Since 1974, CDBG has provided more than $127 billion to state and local governments to target their own community development priorities. The rehabilitation of affordable housing and the construction and improvement of public facilities have traditionally been the largest uses of CDBG funds although the program is also an important catalyst for job growth and business opportunities. Annual CDBG funds are distributed to communities according to statutory formulas based on population, poverty, pre-1940 housing stock, growth lag, and housing overcrowding.

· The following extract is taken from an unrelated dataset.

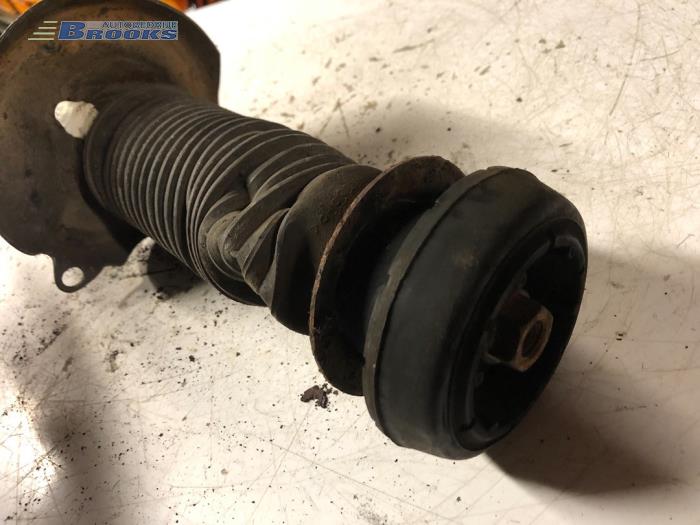 Front shock absorber rod, left from a Volkswagen Golf III (1H1) 1.6 i 1994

HUD is committed to implementing Recovery Act investments swiftly and effectively as they generate tens of thousands of jobs, modernize homes to make them energy efficient, and help the families and communities hardest hit by the economic crisis. The Recovery Act includes $13.61 billion for projects and programs administered by HUD, nearly 75 percent of which was allocated to state and local recipients only eight days after President Obama signed the Act into law. The CDBG funding was among the 75 percent that was allocated during that time. Now as grant recipients' spending plans are approved, HUD is officially making funding available to spend. The remaining 25 percent of HUD Recovery Act funds will be awarded through a competitive process in the coming weeks and months.
In addition, Secretary Donovan and the Department are committed to providing the highest level of transparency possible as Recovery Act funds are administered. It is vitally important that the American people are fully aware of how their tax dollars are being spent and can hold their federal leaders accountable. Every dollar of Recovery Act funds HUD spends can be reviewed and tracked at HUD's Recovery Act Web site.